A ese saco echaremos el polvo de los huesos y los gritos más desalmados, en las alforjas solo caben leña y tinta y fuera de ellas, aun en la espalda, solo hilo y la guitarra de siempre, para burlar el frío y para que no se nos olvide cantar cuando el camino se haga largo.
De a pocos, cuando cantas, vas desprendiendo los tendones a mi espalda, desnudando las cuencas donde tejeras de caricias un par de alas bravas, hasta que toda la carne se deshaga y de mí se haga al espectro preciso, y mi asta en tu sonrisa sea perenne alzada como el nombre de un fantasma, que sea yo la voz que no tropieza y el paso firme que se aferra, el escudo que no cede, el peregrino que no cansa. Que sea el patriarca más rebelde y el más infantil de los amanuenses.

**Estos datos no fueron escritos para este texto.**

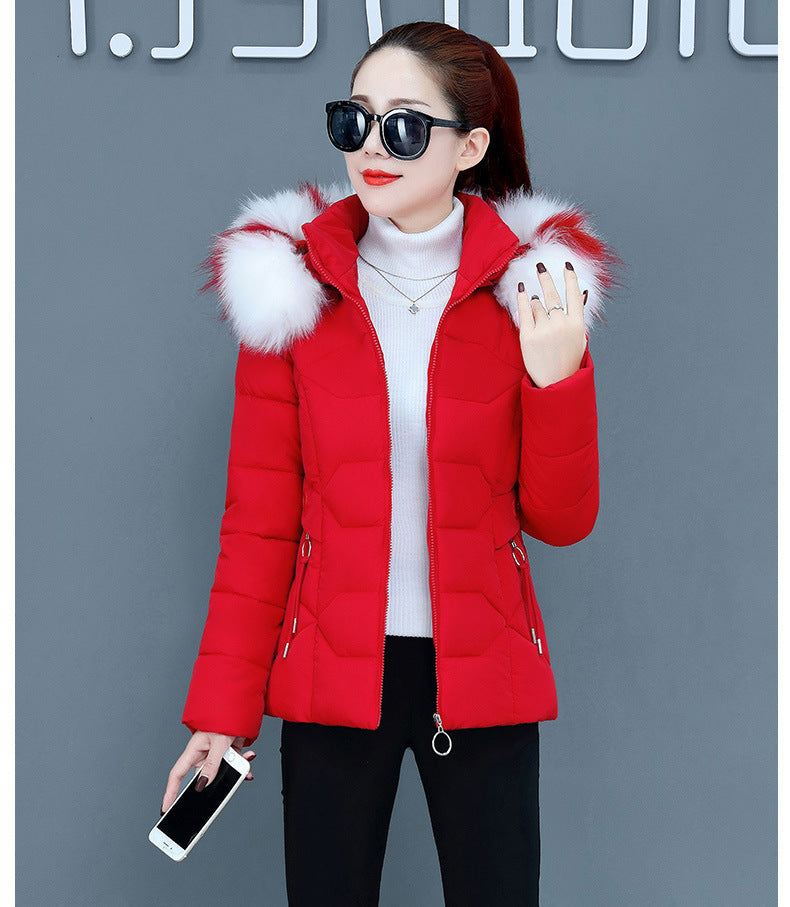 Female Short Cotton Coat Thickened Slim Fit Fashionable Jacket Limorista
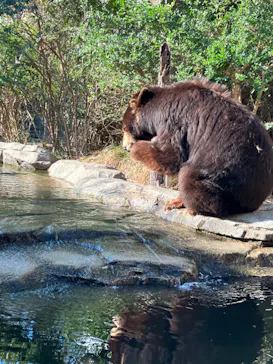 神戸どうぶつ王国に投稿された画像（2022/12/11）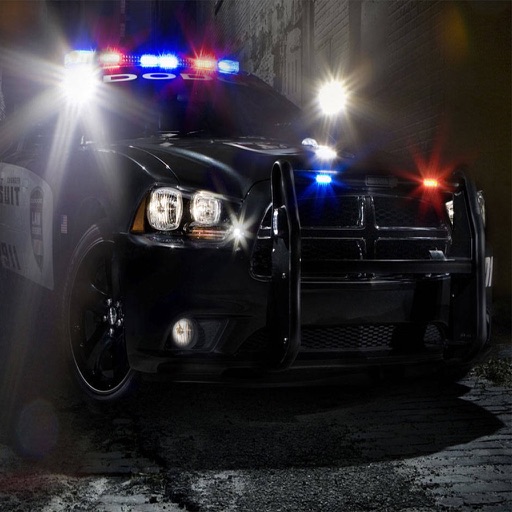 Police Crime Action - Police Simulator 2017 PRO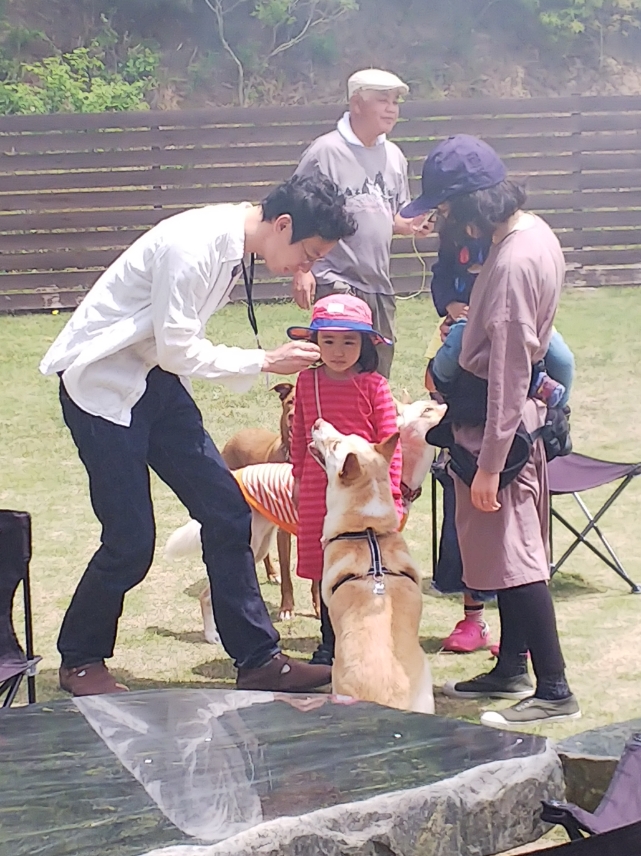 f:id:yasaka-ah:20190603004319j:plain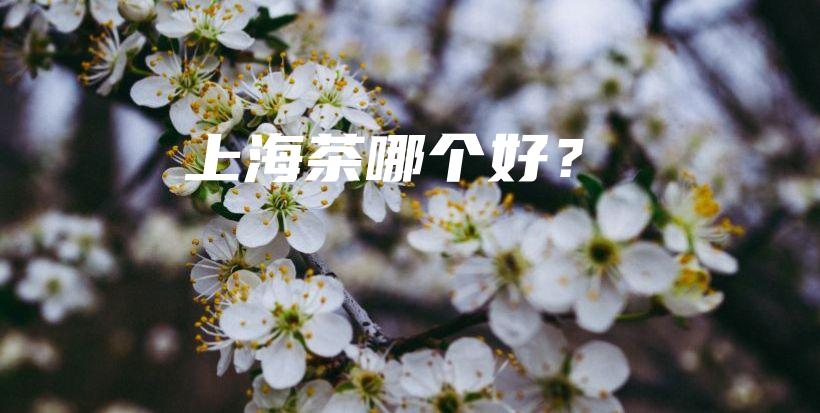 上海茶哪個(gè)好？插圖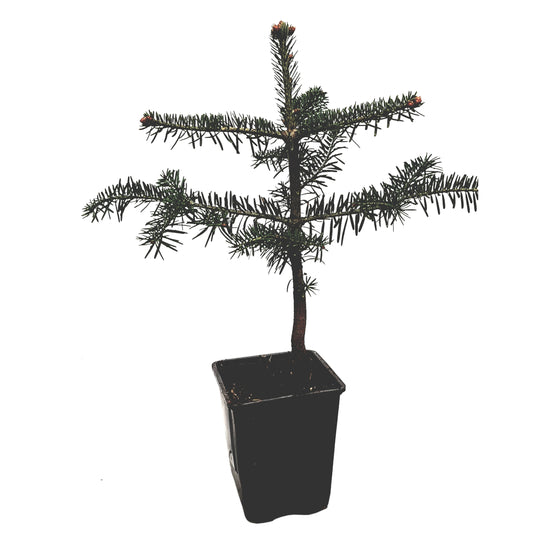 Seedeo® Nordmanntanne (Abies Nordmanniana ambrolauri) Pflanze ca. 25 cm hoch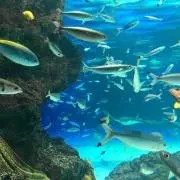 まりる※プロフ必読の画像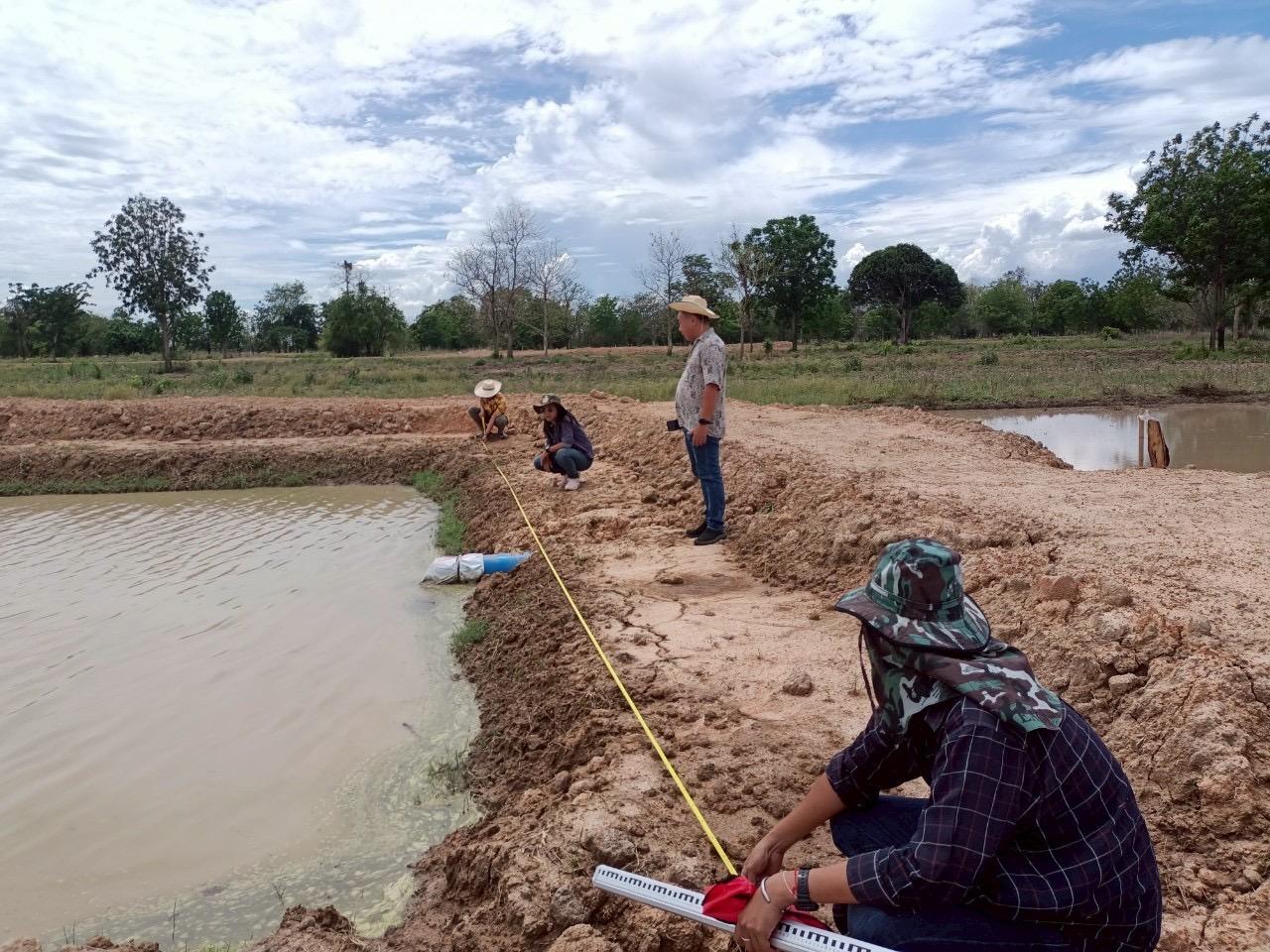 ภาพประกอบที่ 1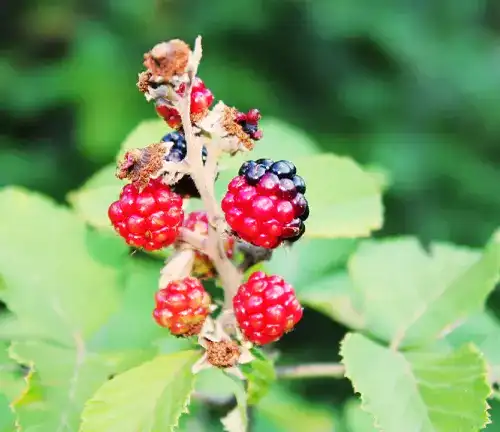 Eastern Dewberry 
(Rubus flagellaris var. georgianus)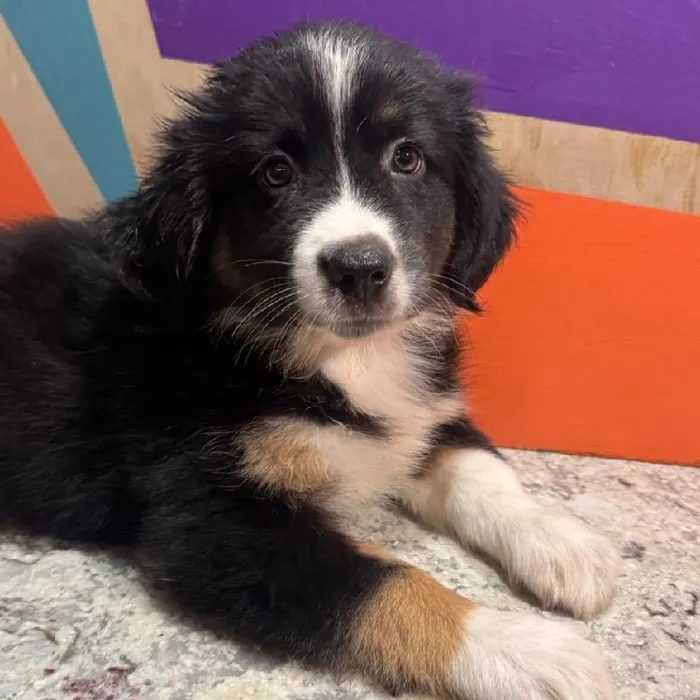 Female Mini Aussie puppy named Ann for sale at Petland Fayetteville.
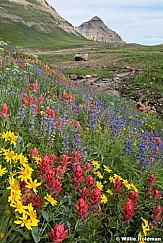 Timpanogos Wildflowers Meadow 072321 8580 2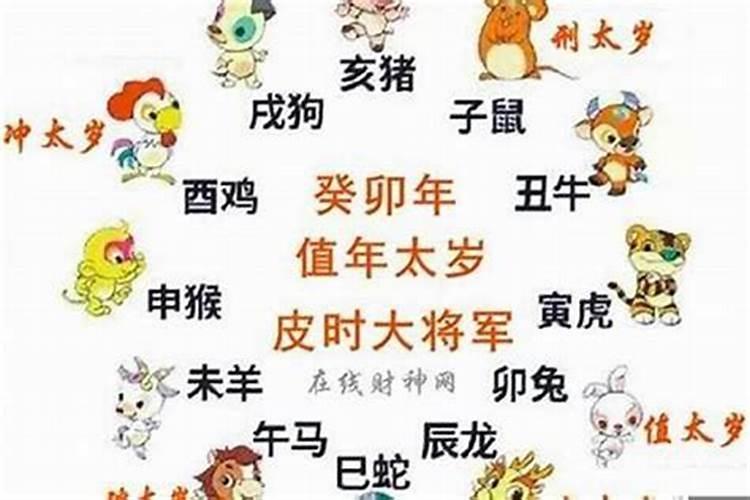 本命年的今年多少岁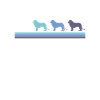 Löwe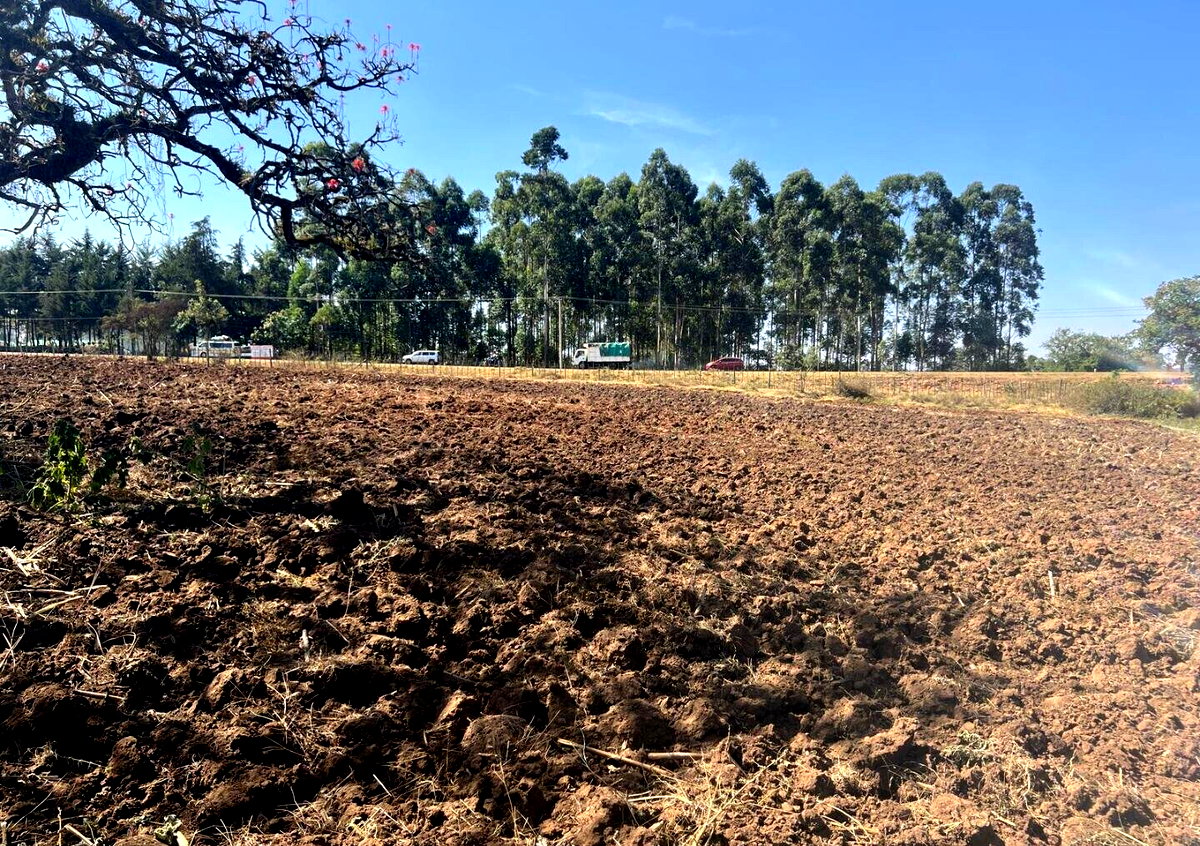 Half Acre Pet Friendly Plot in Kitale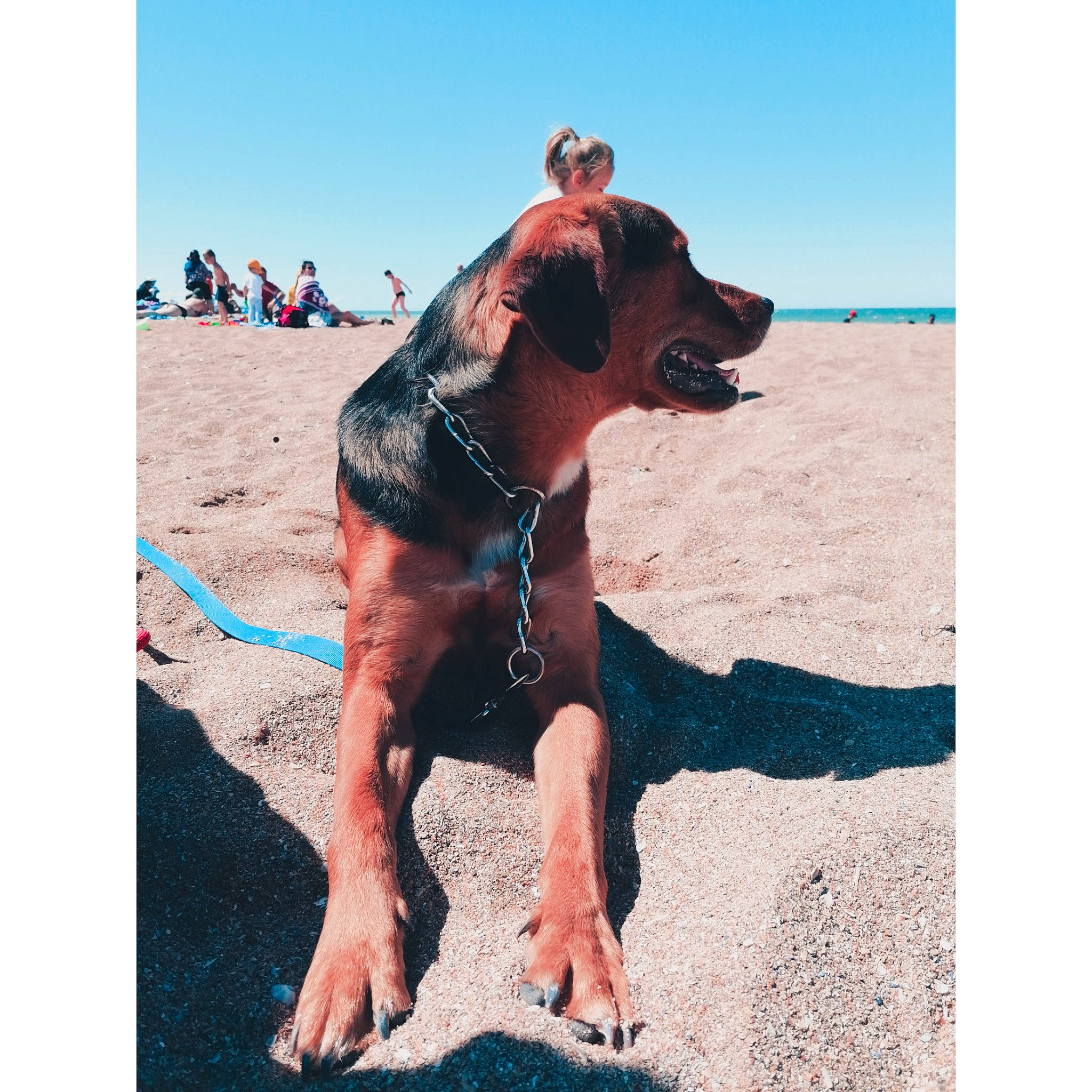 Tyson participe au concours pour gagner de l'argent avec cette photo : american_pit_bull_terrier, american_staffordshire_terrier, beach, canidae, carnivore, dog, dog_breed, dog_collar, fawn, great_dane, guard_dog, mammal, non_sporting_group, ocean, sky, sporting_group, vacation, working_dog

Que los gritos que alzaba en mi niñez, le ruego a los silfos de la noche, vuelvan a la vida del reino de los muertos, que andantinos erran entre los distantes astros, para llevarnos lejos, para empujar las velas, encantar los maderos, soplar las hojas, cubrir tu piel en las noches y enseñarle a un alma nueva las maravillas del mundo, sin miedos ni perversiones, porque él, amor mío, él sabrá más que nosotros y él, querida mía, alma toda de la mía, aprenderá a volar antes que gatear y aullará a la par que clama aferrado de tu pecho la esperada llamada, tan sutil, tan serenada: Mamá.
Tinta y leña de las alforjas serán vaciadas, y con ellas nuestros días no serán flagelantes ni sus horas esclavizadas, tendremos siete mil momentos para mantener encendida la hoguera y la vida para derramar la tinta e ir por nueva; los relojes, mi pequeña curiosa, serán tan solo enseres vanidosos, colgados como alhajas a las paredes para que bailen y arrullen cuando sus engranes más viscerales se sientan necesitados de expresión. Todo esto, Niña de siempre, es un sueño y una promesa tambien.